Will this approach be sufficient, however? Conflicting trends in Korea’s domestic public opinion complicate the picture. On the one hand, anti-China sentiment is worsening by the day, even surpassing anti-Japan sentiment. At the same time, there are also growing complaints about the United States, especially after the exclusion of consumer tax credits for Korea’s electric vehicles in the Inflation Reduction Act (IRA). Taking these developments into account, this essay seeks to explore the path ahead for Korea by analyzing the nature of U.S.-China tensions and assessing the durability of Pax Americana.
Heading into Thucydides Trap?
U.S.-China relations are widely characterized as “Thucydides Trap.” The Peloponnesian War is regarded as one of the main reasons behind the decline of ancient Greek civilization. Thucydides, an Athenian general and historian, famously wrote that the fundamental cause of this war was due to Spartan fears over the growth of Athenian power. Drawing from Thucydides, international relations theorists have used the concept of a Thucydides Trap to explain tensions between a rising power and a status quo hegemon. Graham Allison, a professor of political science at Harvard, popularized this concept by applying it to Sino-U.S. relations in Destined for War. Beginning from the clash between Portugal and Spain in the late 15th century, Allison notes that there have been 16 instances where an emerging power challenged the hegemonic power. There was a war in all but four cases. When an emerging power is strong enough to challenge the hegemon, this creates structural stresses that frequently lead to a violent conflict.

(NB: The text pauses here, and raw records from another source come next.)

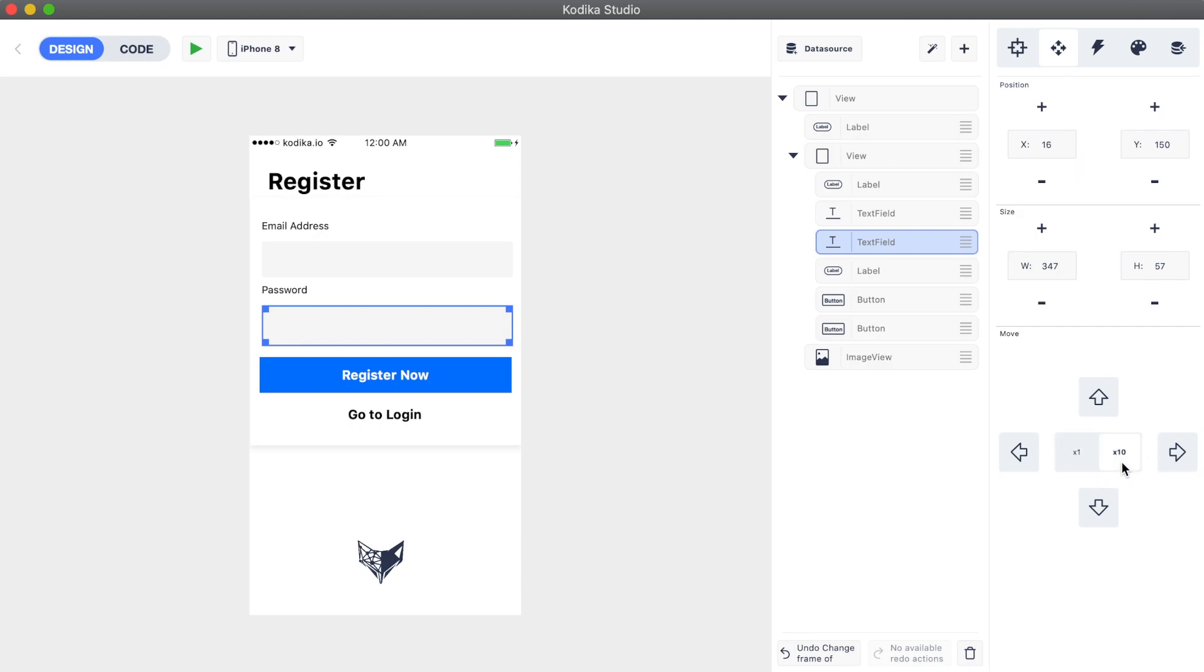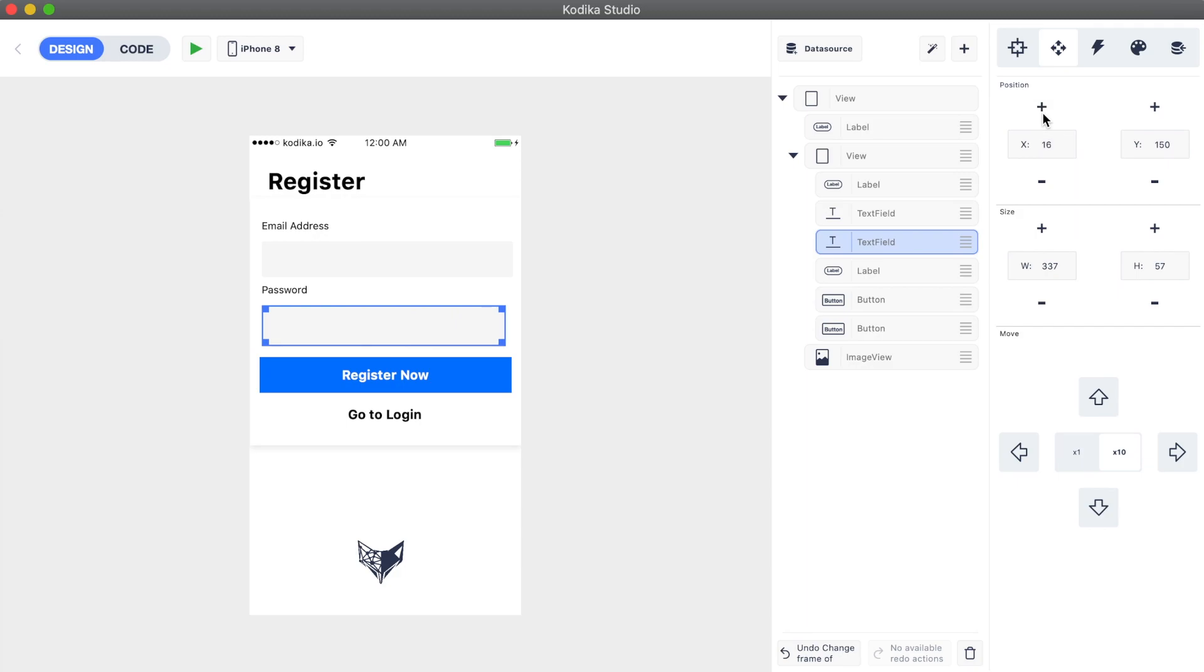Finally, you can use the 10 steps mode to change the values faster.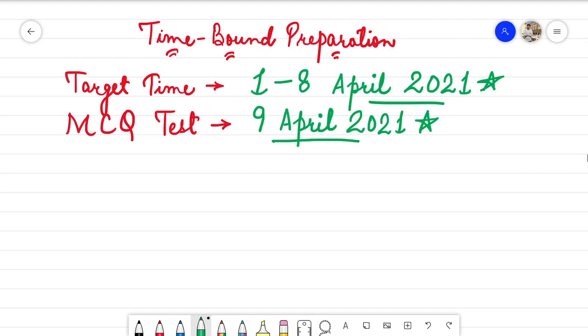Hello guys, I welcome you all to my YouTube channel Hope RBI. In this particular lecture, I am going to introduce you all to a time-bound preparation strategy for your RBI Grade B 2022 examination.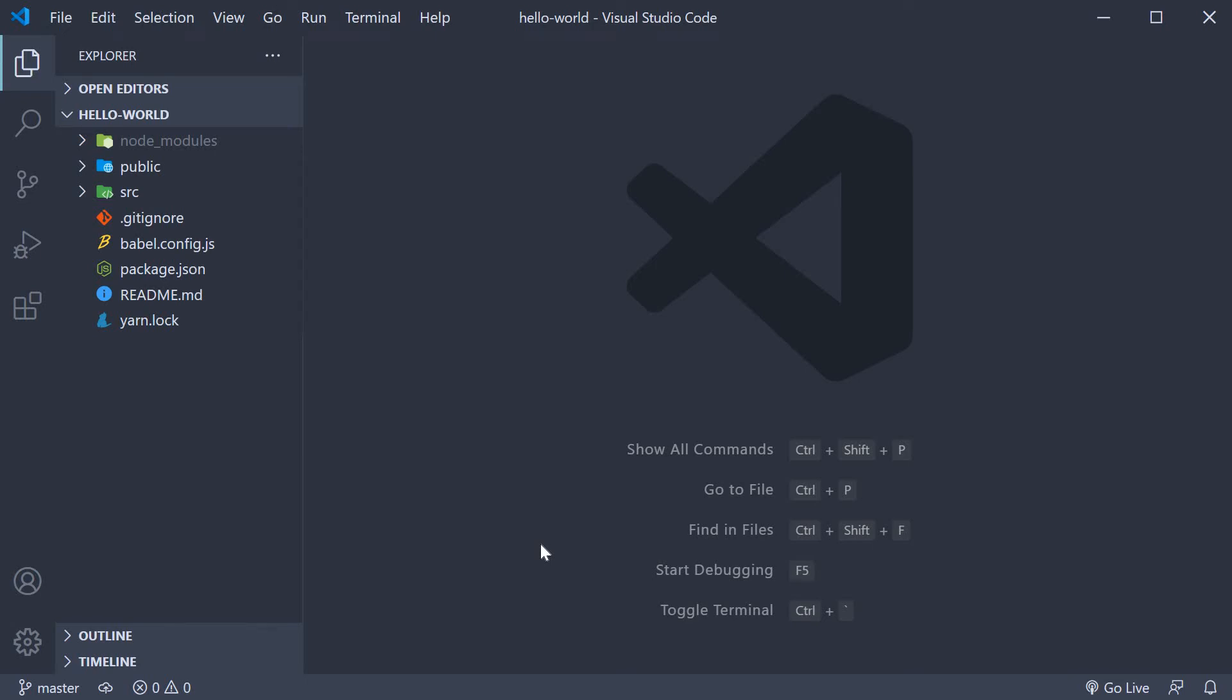In the last video, we saw how simple it is to create and run a basic Vue application using the Vue CLI. Now, it's also really important that you understand the files and folders present in the generated project and how the control flows when you run the application. Let's take a look at that in this video.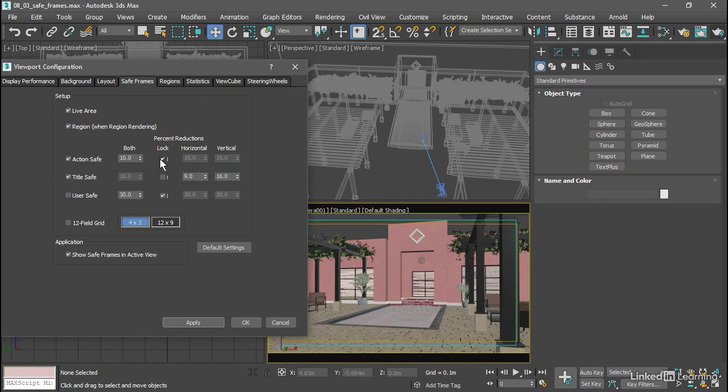So we'll turn off lock and plug in some values here. Set the action safe vertical percent reduction to 5% and the horizontal reduction to 2.8% and click apply.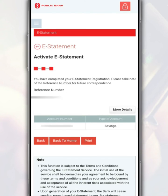Finally, it will display the registration status of this e-statement. With this registration, the bank will no longer send a statement in paper form.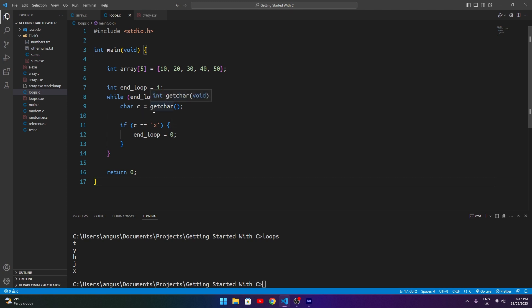Loops are a fairly simple concept and easier to learn once you see them in different applications. Have a practice using them to print arrays. Remember: use a for loop when you know how many times you want to loop, and a while loop when you don't. I'm not sure what we'll cover in the next episode, but thanks for watching and I'll be back for more.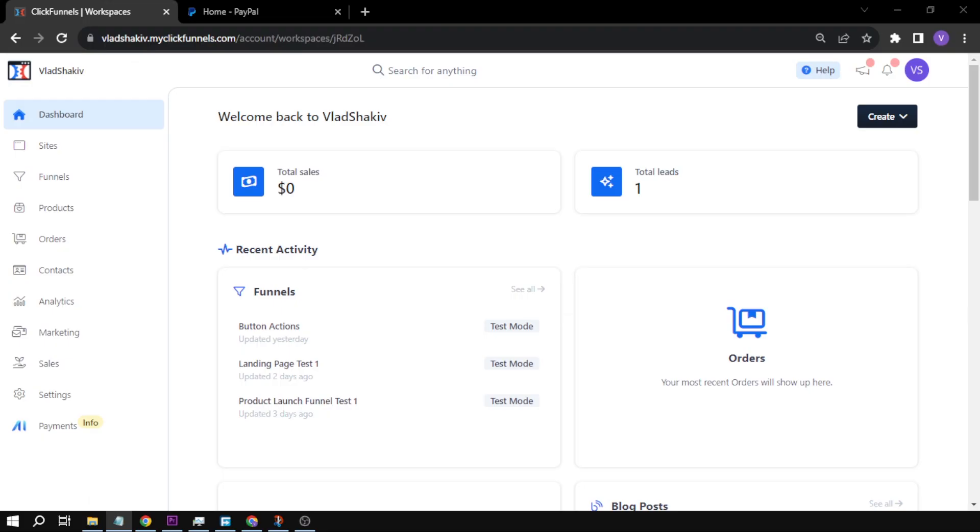How to add PayPal to ClickFunnels 2.0. Adding PayPal to ClickFunnels provides a more inclusive and convenient shopping experience for your customers, potentially leading to higher conversion rates and increased sales for your online business. Here, I will try helping you set it up.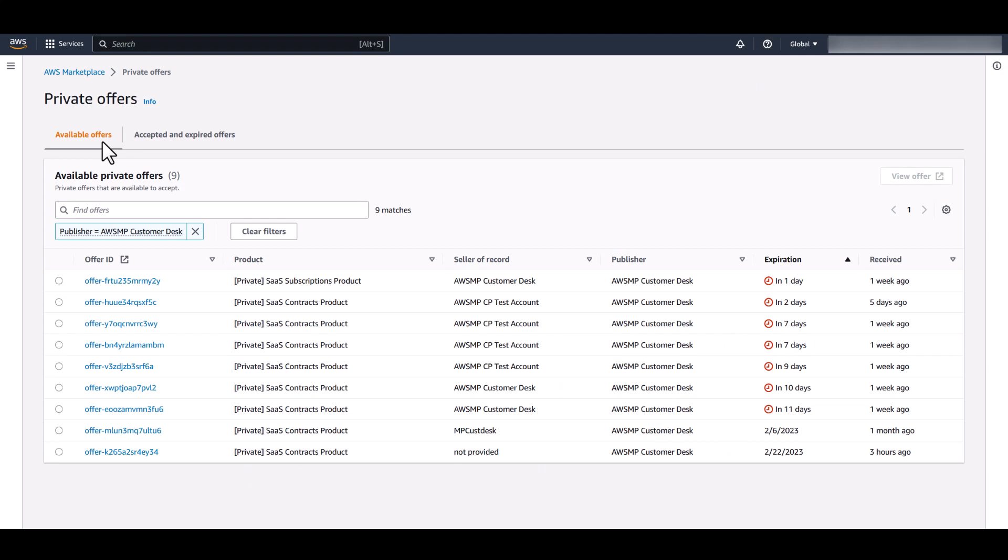For each offer, you can see the product, the seller of record, which can be a consulting partner or independent software vendor, the publisher, the expiration date, and when the offer was received.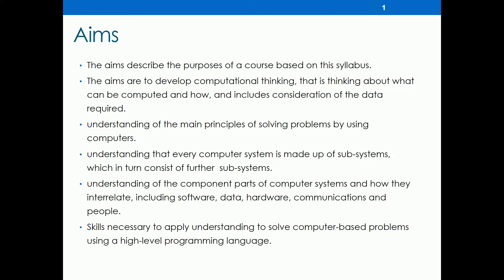Let's talk about the aims of this subject. In this subject, we will learn about control systems — how a computerized system works in a company, how to design it, and how to modify it. We will also develop understanding of the component parts of a computer system and how they interact, including software, data, hardware, and communication. Beyond that, we will learn about solving computer-based problems using a high-level language. We will basically study high-level programming language.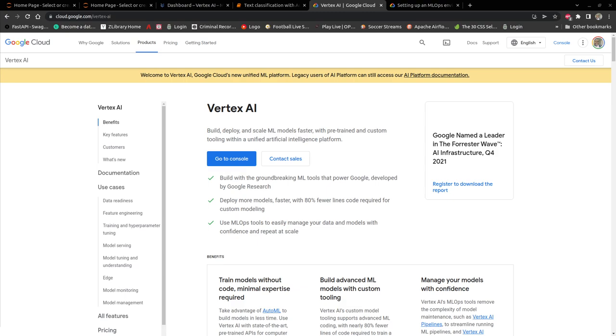We start looking at Vertex AI and what Vertex AI is used for. Vertex AI is Google Cloud's new unified ML platform. It brings together AI platform where you had the notebooks, and then also AutoML where you could train models without actually writing code for the model. Vertex AI just combines these two APIs and then you have just one platform for doing your machine learning operations.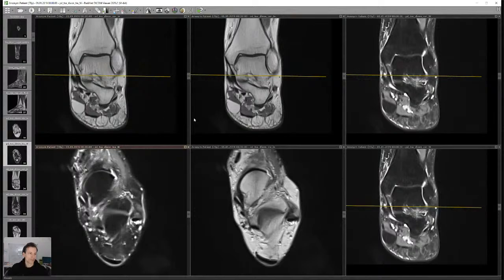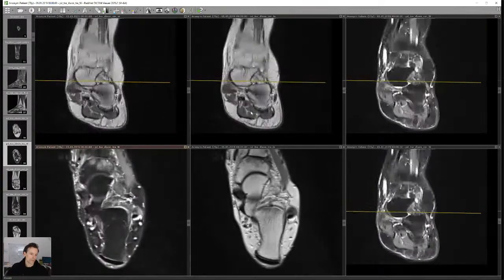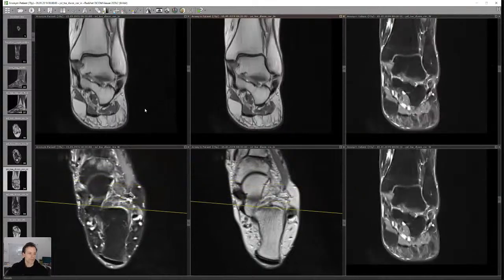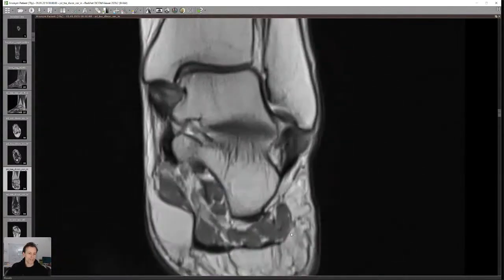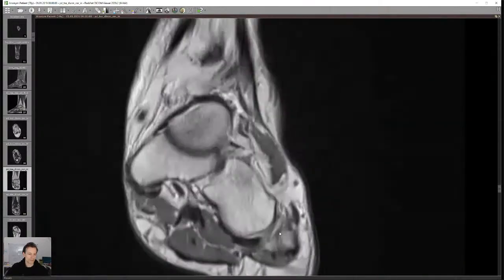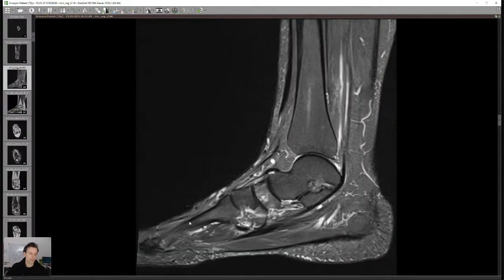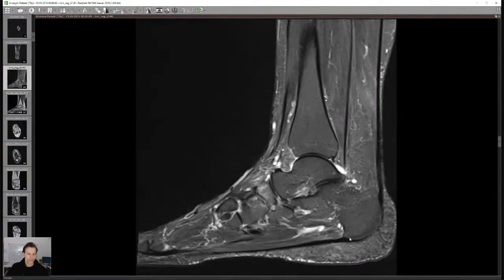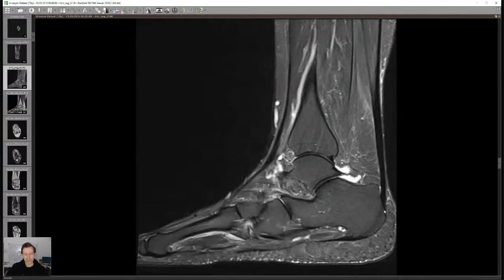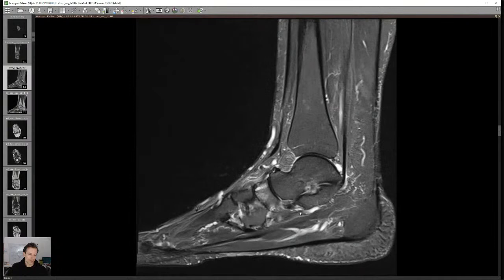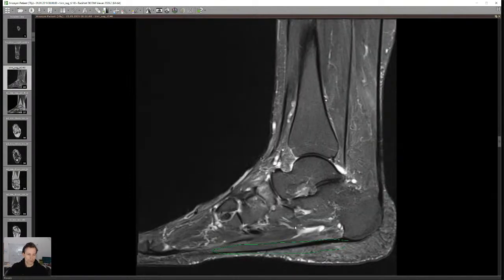Once tendons are done, look at soft tissue: the musculature especially on the plantar aspect — if very fatty degenerated it may suggest diabetes. Check for isolated atrophy of the abductor digiti minimi in Baxter's neuropathy. Look for soft tissue edema in the subcutaneous fat on the plantar side. Also — I forgot to mention — during the tendon assessment always look at the Achilles tendon and plantar aponeurosis at its calcaneal origin. That's basically the complete approach: bones, joints, ligaments, tendons, soft tissue.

Based on his analysis of the historical record, Allison warns that the rift between the United States (America First) and China (the Chinese dream) is much wider and deeper than most people perceive it to be. There is now a heightened risk of an armed confrontation between the two countries over Taiwan. Nevertheless, the likelihood of a catastrophic hegemonic war still remains low. Instead, there is likely to be a prolonged conflict and competition between Washington and Beijing centered on advanced technologies.
Made in China 2025 and the Chinese Dream
The U.S.-China trade war began under the Trump administration. Made in China 2025 (MIC 2025), a policy roadmap published by the Chinese government in 2015, drew the attention of the United States and other Western countries. In its opening paragraph, it states that “building an internationally competitive manufacturing industry is the only way China can enhance its comprehensive national strength, ensure national security, and build itself into a world power.”
From the emphasis on “the only way,” it is clear that MIC 2025 is not just an industrial policy. It is an integral element of China’s national security strategy. Under this plan, China seeks to achieve progress in advanced manufacturing technologies such as big data, information technology, aerospace, artificial intelligence, and biotechnology. The goal is to become the world’s leading manufacturing power by surpassing the United States.
After MIC 2025 sparked controversy in the West, the Chinese government has refrained from referring to it in public. Nonetheless, it has continued to implement this policy in practice. At the 2021 Lianghui, the concurrent annual meetings of the National People’s Congress and the Chinese People’s Political and Consultative Conference, the Chinese government strengthened its resolve to reduce its dependence on U.S.-led global value chains as it sought to develop advanced technologies. Specifically, it emphasized the economic policy of dual circulation, which aims to raise domestic consumption while expanding exports of high value-added goods to foreign markets.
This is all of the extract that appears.